Why did the Habsburgs act as they did? Paradoxically, for the same reason as the Romanovs. The two empires shared the same concern—rising Polish nationalism—but chose different strategies to fight it. The Russian imperial government liquidated the Uniate Church and arrested the development of the Ukrainian movement in an effort to protect the imperial Russian nation against Polish “propaganda,” whereas the Austrian authorities tried to counteract that propaganda by building up the Ruthenian movement in their realm. They never sought to turn the Ruthenians into Germans and had no problem with their development as a distinct nation. In fact, they encouraged that process as a counterweight to the well-developed and organized Polish movement.

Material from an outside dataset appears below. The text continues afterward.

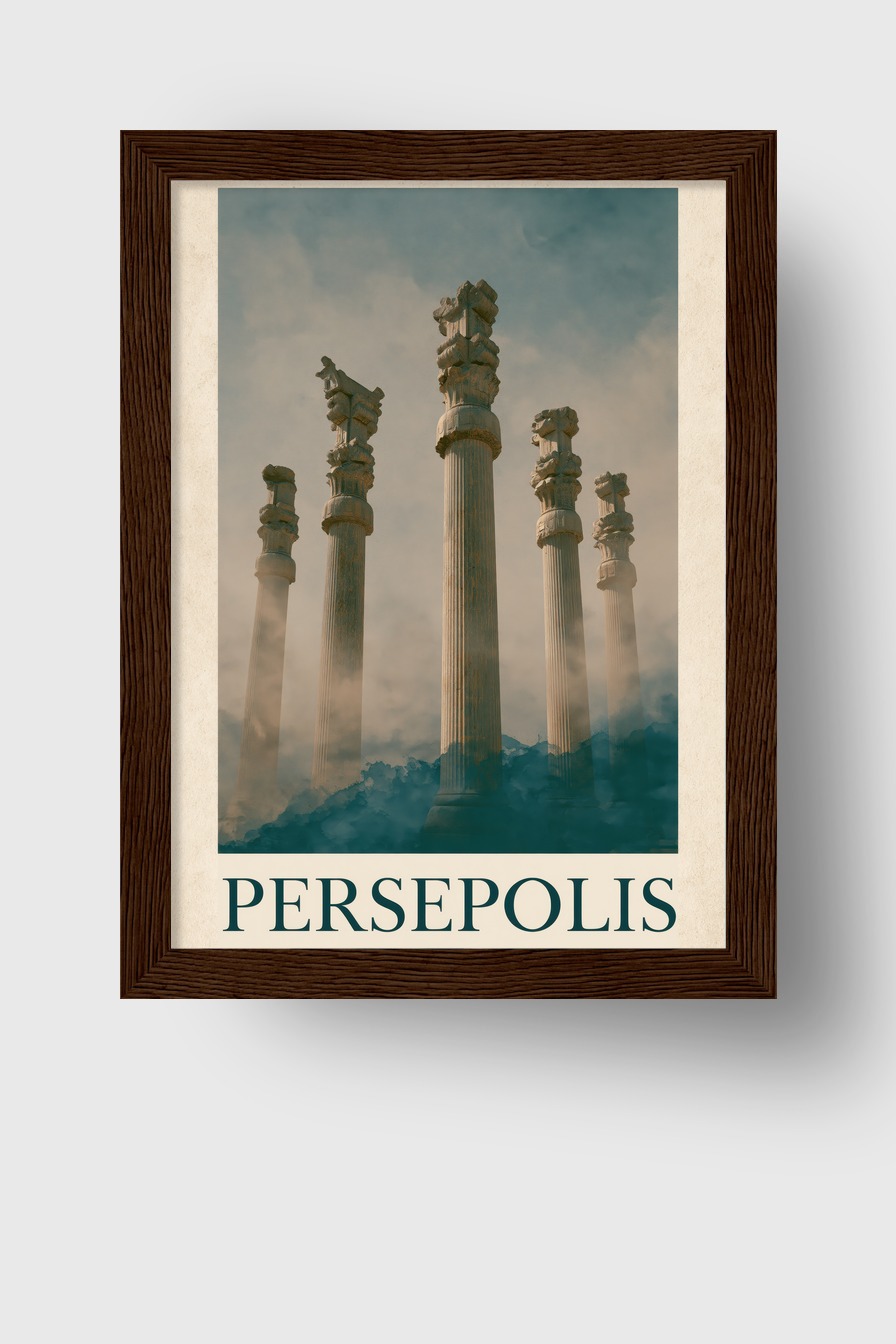 Fotografie Poster Säule Kapitell antik Nebel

Such was the policy first put into effect by the Austrian authorities in the revolutionary year of 1848. From Palermo to Paris to Vienna, liberal nationalism was on the rise in Europe, challenging the Congress of Vienna’s borders and the governments that ruled within them. In March 1848, inspired by the revolutionary events in Paris, the Hungarians demanded independence from the Habsburg Empire. They would fight for their freedom with arms in hand. The Poles followed them, rising in Cracow and then in Lviv with demands for civic freedom and autonomy. Many of these demands sat well with neither the government in Vienna nor with at least half the Galician population. The Ukrainians made up about half of the 4.5 million residents of the province. The Poles accounted for about 40 percent and Jews close to 7 percent. Ukrainians constituted an absolute majority in so-called Eastern (original) Galicia, while Poles were in the majority in Little Poland, now called Western Galicia, which included the city of Cracow. Jews lived throughout the enlarged imperial province, with approximately 60 percent of Eastern Galician Jewry residing in cities and small towns.

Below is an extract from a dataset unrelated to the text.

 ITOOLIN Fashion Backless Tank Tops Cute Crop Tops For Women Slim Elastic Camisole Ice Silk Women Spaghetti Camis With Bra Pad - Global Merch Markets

The province was agricultural and less economically developed than most of the Habsburg possessions. After the partitions, Emperor Joseph II removed the traditional Polish elite from the business of running the government and brought in imperial bureaucrats—mostly Germanized Czechs from Bohemia—to create a new administrative system; he also raised the educational and cultural level of the population and protected the peasants from the abuses of their masters. While he removed the Polish elite from power, Joseph originally ignored the Jews, allowing them to keep their autonomy in exchange for paying a so-called toleration tax. Then in 1789 he issued an Edict of Toleration, which was a major step toward the emancipation of Austrian Jewry, but it also disbanded traditional Jewish institutions, prohibited the use of Yiddish and Hebrew in official documents, established German-language schools, and introduced military service for Jews. When the revolution came to Lviv in March 1848, many Jews were happy to join forces with Polish opposition to the empire. Yet, as the Austrian army crushed the Hungarian Revolution with the help of Russian troops, Polish hopes for the restoration of the commonwealth and Jewish hopes for equality were also dashed.

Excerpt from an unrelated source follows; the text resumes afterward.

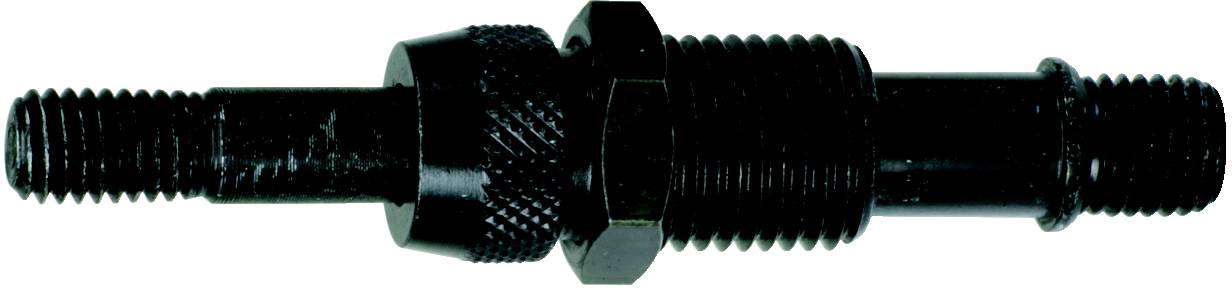 A black metal bolt with screw threads at both ends and a hexagonal central section for securing mechanical parts.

The Galicians who benefited most from the revolution were the Ukrainians—arguably the most loyal to the empire and originally the most reluctant participants in the events. They were not eager to join the Polish revolt, as the original Polish appeals made no mention of the Ukrainian population of the region or its needs. In April 1848, the leaders of the Ukrainian community, all of whom happened to be clerics of the Uniate Church, issued their own appeal to the emperor, declaring their loyalty and requesting protection against Polish domination and rights for the Ruthenian language. With the blessing and support of the Austrian governor of Galicia, Count Franz Stadion, the Greek Catholic clergy created their Supreme Ruthenian Council. The chief of the Lviv police, Leopold von Sacher-Masoch (father of the future writer), approved the founding of the first Ukrainian newspaper, the Galician Star. Stadion saw the new council as “a means of paralyzing Polish influence and getting backing for Austrian rule in Galicia.”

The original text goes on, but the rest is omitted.